In dem Gemeinsamen Wort, das von Bischof Younan, und Papst Franziskus unterzeichnet wurde, heißt es dazu: „Viele Glieder unserer Gemeinschaften sehnen sich danach, die Eucharistie an dem einen Tisch zu empfangen als konkreten Ausdruck der sichtbaren Einheit. Wir anerkennen unsere pastorale Verantwortung, auf den spirituellen Durst und Hunger unserer Gläubigen, eins in Christus zu sein, einzugehen. Wir sehnen uns danach, dass diese Wunde am Leib Christi geheilt wird.“ (Eigenübersetzung).

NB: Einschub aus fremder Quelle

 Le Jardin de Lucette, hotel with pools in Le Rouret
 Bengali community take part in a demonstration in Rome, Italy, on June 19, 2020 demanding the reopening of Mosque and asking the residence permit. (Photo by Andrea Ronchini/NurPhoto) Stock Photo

Lund ermutigt mich zudem, dass Lutheraner und Katholiken die Möglichkeit einer Gemeinsamen Erklärung zu Kirche, Eucharistie und Amt weiter ausloten. Ich stimme dem Vorschlag von Kurt Kardinal Koch, dem Präsidenten des Päpstlichen Einheitsrates, zu, nach der Gemeinsamen Erklärung zur Rechtfertigungslehre auf eine weitere derartige Gemeinsame Erklärung zuzugehen. Eine solche offizielle Erklärung ist eine sehr komplexe Aufgabe, die langjährige Vorarbeiten von vielen unterschiedlichen Akteuren erfordert. Ein wichtiger erster Schritt zur Umsetzung dieser Vision sind sicherlich sogenannte „in-via-Erklärungen“, in denen das im theologischen Dialog bereits erreichte gemeinsame Zeugnis des Glaubens für die nachkommenden Generationen festgehalten wird. Es sollten keine vorschnellen Erwartungen geweckt werden, aber wir sollten uns auf diesen Weg machen.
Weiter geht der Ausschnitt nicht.